Various methods of rejecting these unwanted signals are known in the art but have nonnegligible drawbacks. For example, adaptive rejection methods based on using a covariance matrix of the signals received by an array of sensors have the following limitations:
They eliminate only a limited number of decorrelated interference signals, characterized by their direction. Consequently, these methods are not optimized in the context of the fight against clutter when the latter is rich in multiple paths with different time-delays.                They lead to the creation of blind axes, associated with the rejected signals, on which it becomes impossible to detect a target.        They reject only signals whose signal to noise ratio is positive after angular compression. This rejection is limiting if it is effected at the beginning of radar processing, i.e. before distance-Doppler compression.        
The invention is more particularly directed to the rejection of all zero Doppler effect signals in the clutter picked up by a passive radar receiver of particular orthogonal frequency division multiplex (OFDM) signals. OFDM signals are characterized by simultaneously emitting a large number of orthogonal sub-carriers phase coded with plural phase or amplitude states, i.e. by a spectrum of orthogonal lines, in the Fourier transform sense, over a finite duration T, equidistant at intervals 1/T.
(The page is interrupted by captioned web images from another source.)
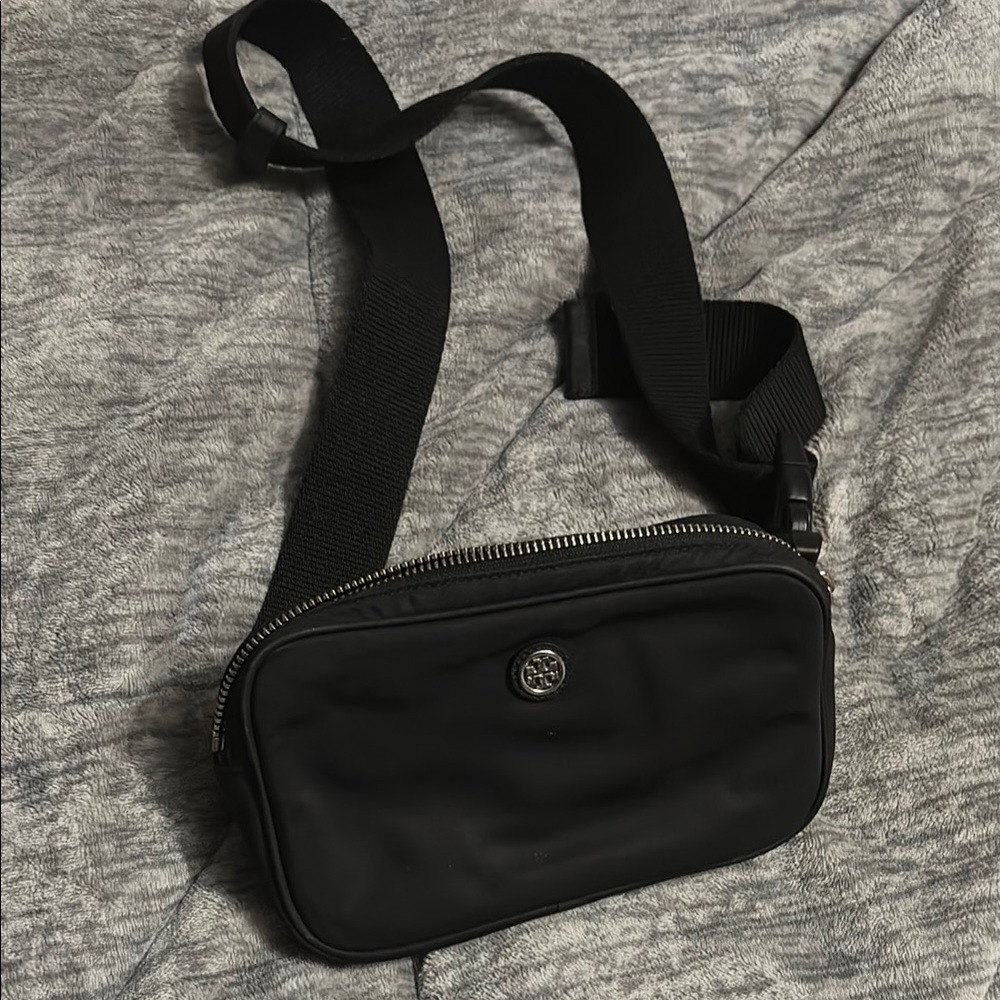 Black belt bag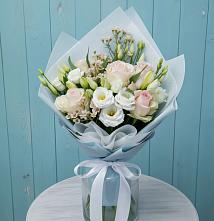 Букет цветов из:  Розы и Лизиантусы в Лебяжьем Ленинградской области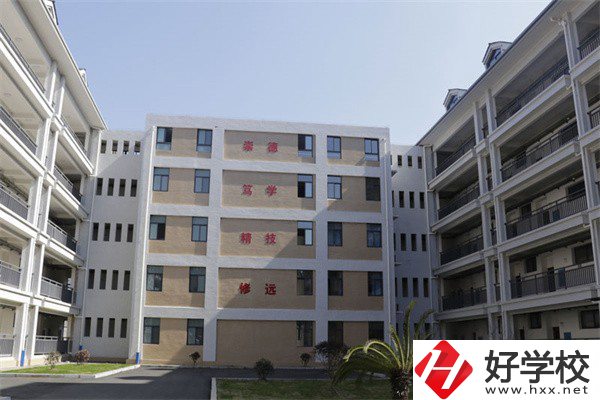 湘西辦學(xué)條件好的公辦中專有哪些？有什么辦學(xué)特色？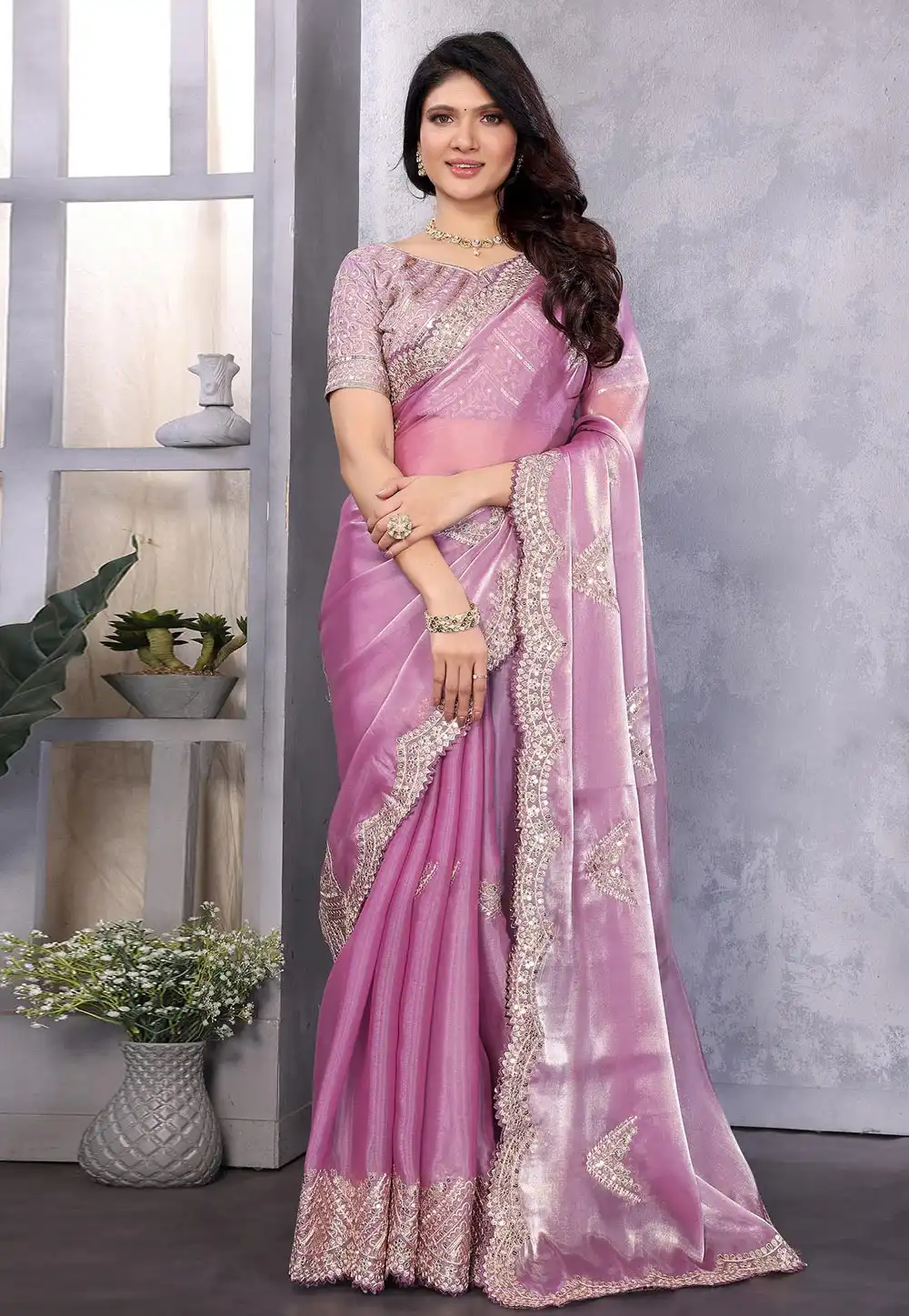 Lavender Shimmer Chiffon Saree With Blouse 316150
A bistatic radar disclosed in the French patent application FR 2776438 processes coded OFDM (COFDM) digital radio signals in the context of radio and television broadcasts conforming to the European Digital Audio Broadcasting (DAB) and Digital Video Broadcasting (DVB) standards. These signals, which are therefore sent by emitters of opportunity in the case of passive radar receiver applications, ensure optimum use of the spectrum emitted, in a similar manner to white noise, and are resistant to multipath propagation and interference.
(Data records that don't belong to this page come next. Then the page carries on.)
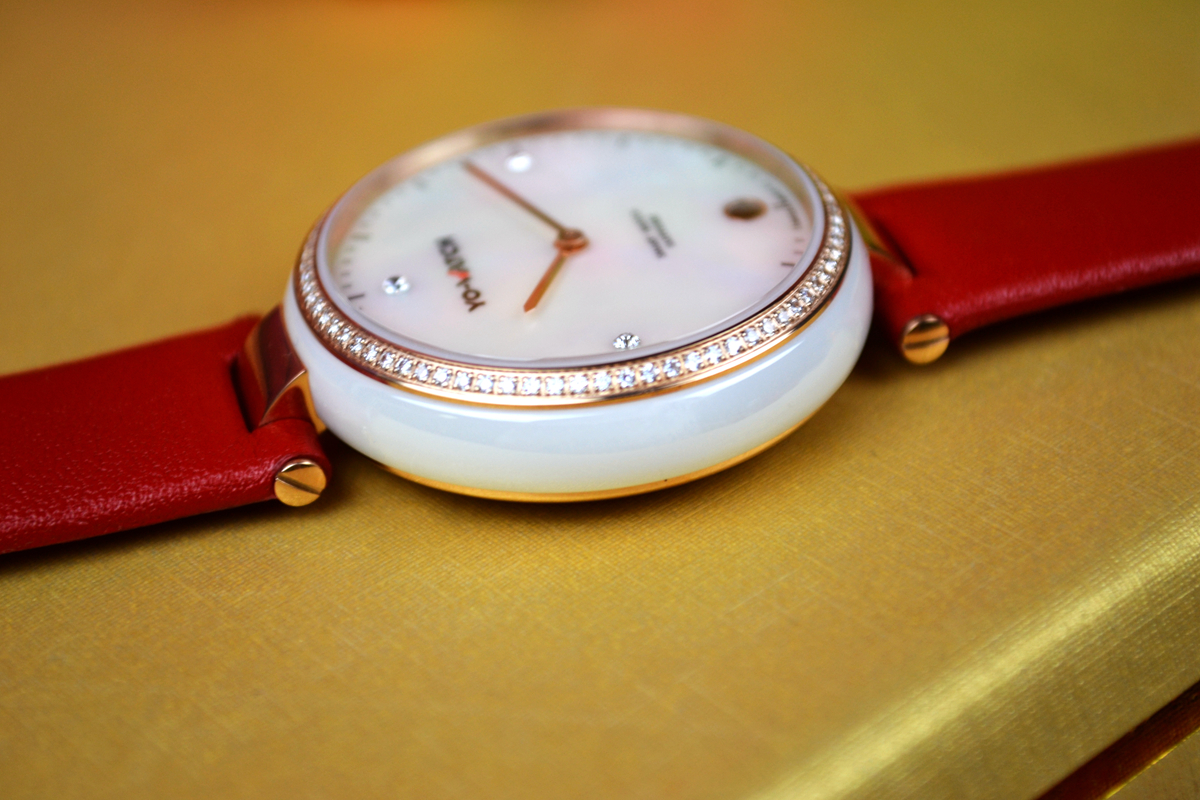 有水晶有钻石，能测UV会自拍，续航8个月，为妹子而生的智能表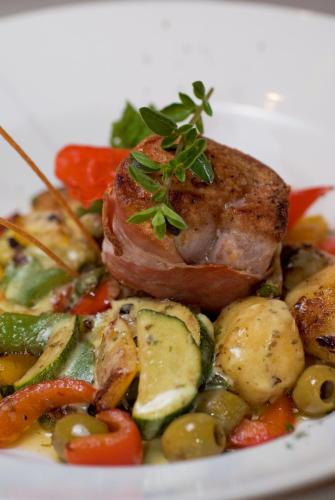 อาหารและเครื่องดื่ม, โฮเต็ล เรสเทอรองต์ อัลพินา (Hotel Restaurant Alpina) in กรินเดลวาลด์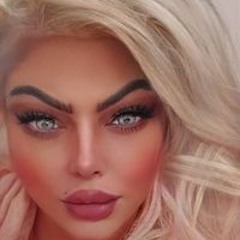 مونيكا مونيكا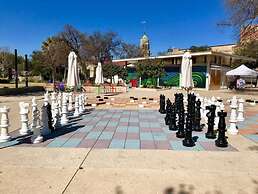 Close to Famous Attractions With Hot Tub and Fire Pit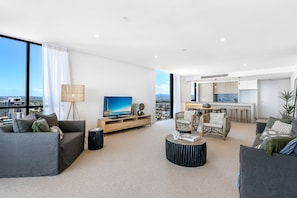 Flat-screen TV - Qube Broadbeach (Broadbeach)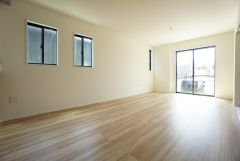 大きな窓のあるリビングは、陽光あふれる明るい空間です。居心地良く、ご家族皆がゆったり寛げる憩いの空間となりそうです。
According to the above patent application, the radar receiver comprises a plurality of receive antennas for detecting the signals. The radar processing is based on Doppler-distance correlation of the signals received with a emitted signal time reference. The time reference is obtained by decoding the signals recorded conforming to the radio telecommunications operations effected.
However, because of the bistatic nature of the radar system, the power of the direct path signal is high compared to that of the wanted signal reflected by a target. The direct path should be rejected before effecting the Doppler-distance correlation. The energy contained in the distance-Doppler secondary lobes of the direct path is generally significantly higher than the thermal noise, so that targets situated in the vicinity of the direct path are difficult to detect.
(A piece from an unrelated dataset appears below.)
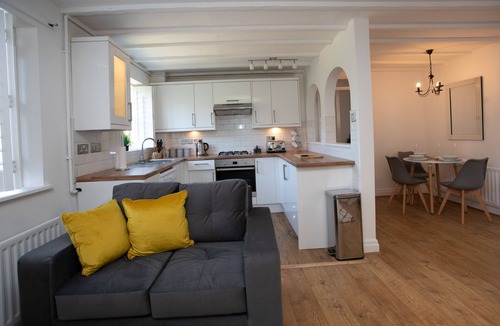 Beaconsfield Apartment | Snug apartment in the heart of Beaconsfield Old Town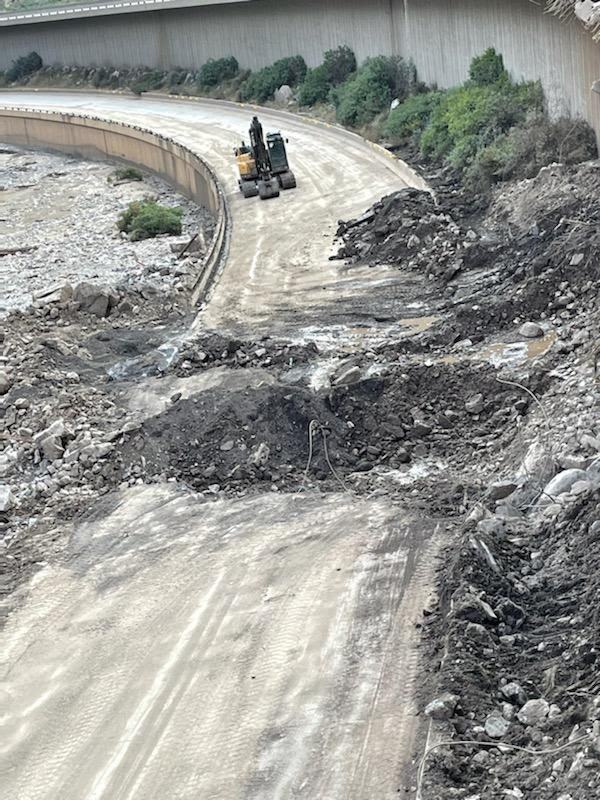 CDOT crews clearing roadway in Glenwood Canyon after mudslides detail image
PCT International Application PCT/FR02/00224 filed on Jan. 18, 2002 and not yet published, proposes a radar receiver for OFDM radio signals received via a propagation channel and comprising frames of symbols each emitted on orthogonal coded carriers. The radar receiver seeks to eliminate the contribution correlation of the direct path and more generally of unwanted zero Doppler effect signals to the processing of received signals before Doppler-distance. The radar receiver referred to comprises shaping means for converting the received signal into the form of a digital symbol signal, Doppler-distance correlation means for discriminating mobile targets, and filtering means for eliminating in the symbol signal at least unwanted zero Doppler effect signals in order to apply a filtered signal including essentially signals backscattered by targets to the correlation means. The radar receiver can comprise a plurality of receive channels.
However, although the filtering means based on inverse matrices of covariance matrices each depending on products of spectral lines of the symbol signals relating to a respective carrier reject all of the clutter, i.e. essentially the unwanted zero Doppler effect signals, the receiver does not provide isotropic spatial coverage. After filtering, the radiation diagrams of the filtered signals corresponding to the receive channels feature blind sectors, i.e. “gaps” in the directions in which correlated zero Doppler effect signals are received, especially if the latter signals are at high powers.
Adaptive filtering of the lines of the received OFDM signals causes rejection losses that can result from correlation between the directional vector related to a mobile target and one of the vectors associated with the zero Doppler effect signals that must be filtered. Mobile targets in the blind direction in which the unwanted zero Doppler effect signals are eliminated can no longer be detected.